Selling, General and Administrative (SG&A) Expenses

        SG&A expenses comprise both selling expenses and general administrative expenses. The balance of SG&A expenses in each year comprises overhead, personnel, advisors' fees and other administrative expenses. SG&A expenses decreased by 18 percent to €643 million in the 2002 financial year compared to €782 million in the 2001 financial year. SG&A expenses declined to 13 percent of sales in the 2002 financial year compared to 15 percent in the previous year, mainly due to the Impact cost reduction program and the decline in sales.

        Selling expenses decreased 24 percent to €341 million, or 7 percent of sales, from €449 million, or 8 percent of sales, in the 2001 financial year. This reflects the impact of cost reduction measures taken since the previous year, including headcount reductions and optimization of selling and marketing functions and processes.

        General and Administrative (G&A) expenses decreased 9 percent to €302 million, or 6 percent of sales, from €333 million, or 6 percent of sales, in the 2001 financial year. G&A expenses decreased in absolute terms due to optimization of processes and successful implementation of our Impact cost reduction program, including headcount reductions and IT-cost savings. We also donated €2 million to support the victims of the flood catastrophe in Dresden in the summer of 2002.

Restructuring

        In the fourth quarter of the 2001 financial year, we approved plans to restructure our organization and reduce costs under a comprehensive program called "Impact". In connection with this program, we recorded restructuring charges of €117 million in the fourth quarter of the 2001 financial year.

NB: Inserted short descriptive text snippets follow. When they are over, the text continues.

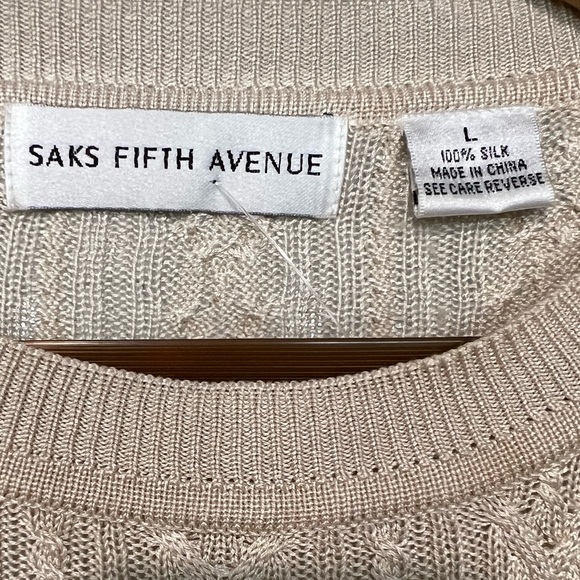 Saks Fifth avenue 100% silk sweater. - Picture 3 of 4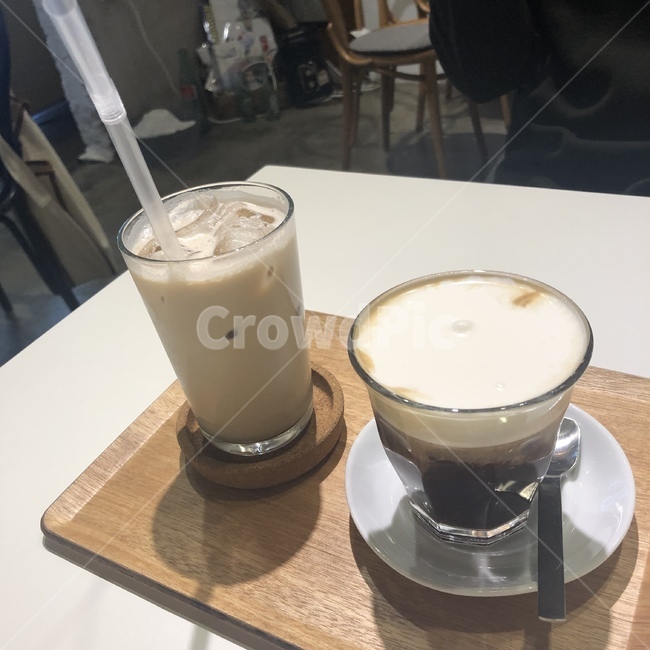 카페,음료,디저트,커피,라떼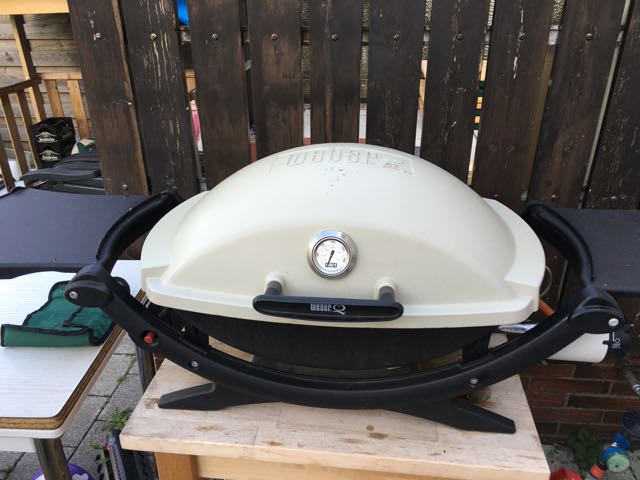 WeberQ 200 mit Thermometer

        We completed our announced headcount reduction in the 2002 financial year. In completing this program, we recorded additional restructuring expenses of €16 million in the 2002 financial year, principally relating to non-cancelable commitments.

Other Operating Income, Net

        Other operating income, net, amounted to €46 million in the 2002 financial year, reflecting the pretax gains of €39 million from the sale of the remaining part of the infrared components business and €2 million from the sale of our gallium arsenide business. In the 2001 financial year, other net operating income amounted to €200 million, which reflected the pre-tax gains of €202 million from the sale of the image & video business and €26 million from the sale of the infrared components business.

Earnings Before Interest and Taxes (EBIT)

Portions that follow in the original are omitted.